Simple Teriyaki Sauce
Simple Teriyaki Sauce

1/2 cup soy sauce (low-sodium preferred)

  • 1/4 cup mirin (or dry sherry)
  • 1/4 cup sake (optional)
  • 1/4 cup brown sugar (or honey)
  • 2 cloves garlic, minced
  • 1 inch ginger, grated
  • 1 tablespoon cornstarch (or arrowroot powder)
  • 1/4 cup water

  • Instructions:

    1. In a saucepan over medium heat, combine soy sauce, mirin, sake (if using), brown sugar, garlic, and ginger. Bring to a simmer, stirring occasionally until the sugar dissolves.
    2. In a small bowl, whisk together cornstarch and water to form a slurry. Slowly add the slurry to the simmering sauce, whisking constantly, until the mixture thickens slightly.
    3. Reduce heat to low and simmer for 5 minutes, allowing the flavors to meld. Remove from heat and let cool slightly.

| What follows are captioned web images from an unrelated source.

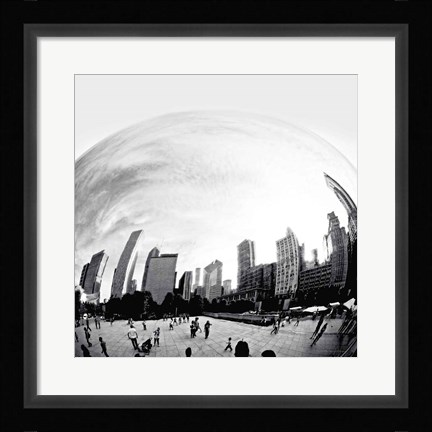 Framed Bean Chicago Bold Sq Print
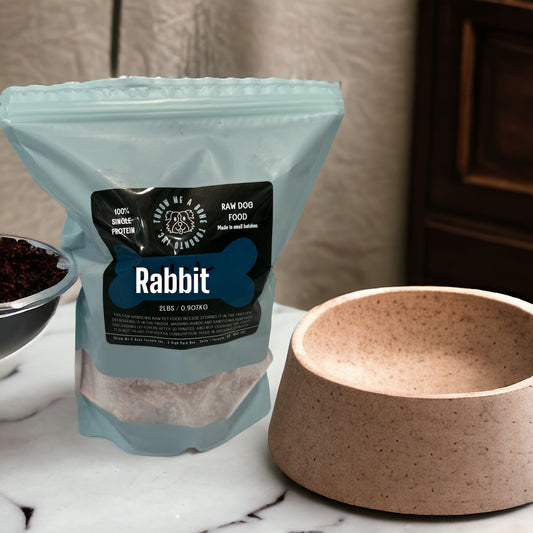 Ontario Pastured Raised Whole Ground Rabbit 2lbs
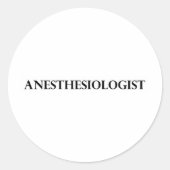 anesthesioloog ronde sticker (Voorkant)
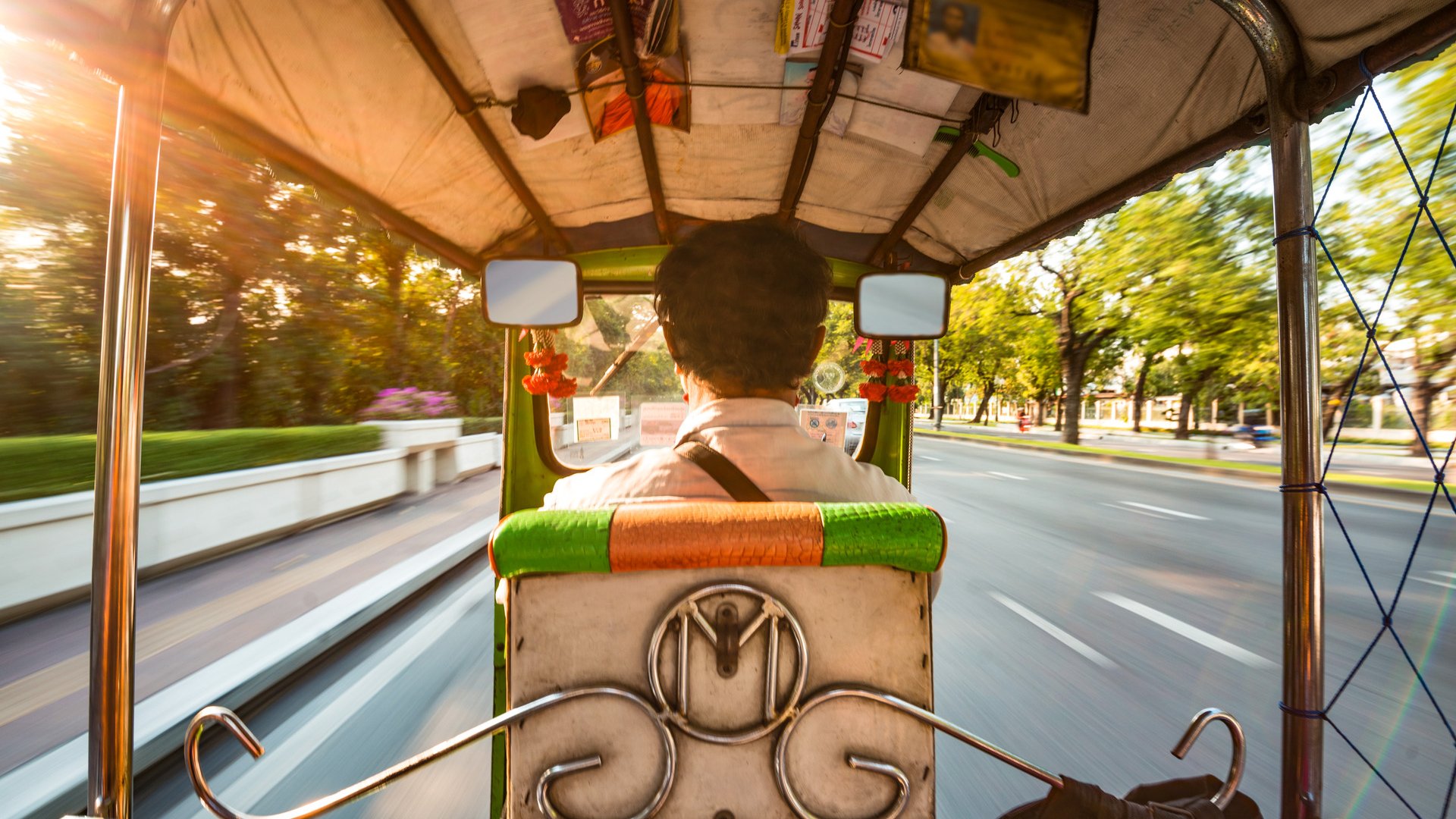 Tuk tuk in Thailand in Southern Asia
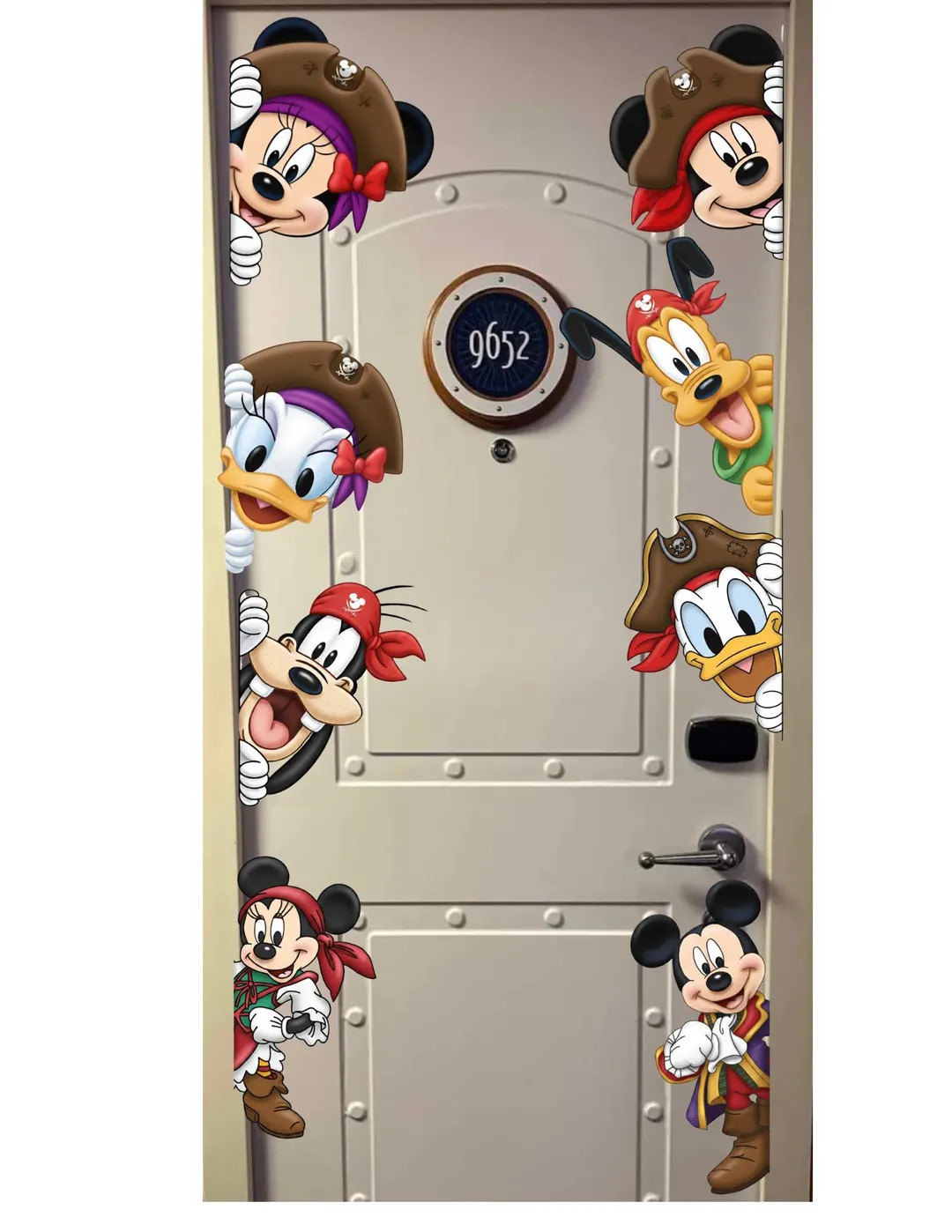 Disney Cruise Door Peeker Magnets – Mickey, Minnie, Pluto, Goofy, Donald, Daisy + Pirate Mickey... | Etsy (US)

    For a thicker sauce, simmer for a longer duration or add a bit more cornstarch slurry.

  • For a spicier sauce, add a pinch of red pepper flakes during simmering.
  • For a richer sauce, substitute honey for brown sugar.

  • Nutrition Facts (per 1 tablespoon serving):

    Calories: 25

  • Fat: 0g
  • Carbohydrates: 5g
  • Sugar: 4g
  • Sodium: 800mg (depending on soy sauce)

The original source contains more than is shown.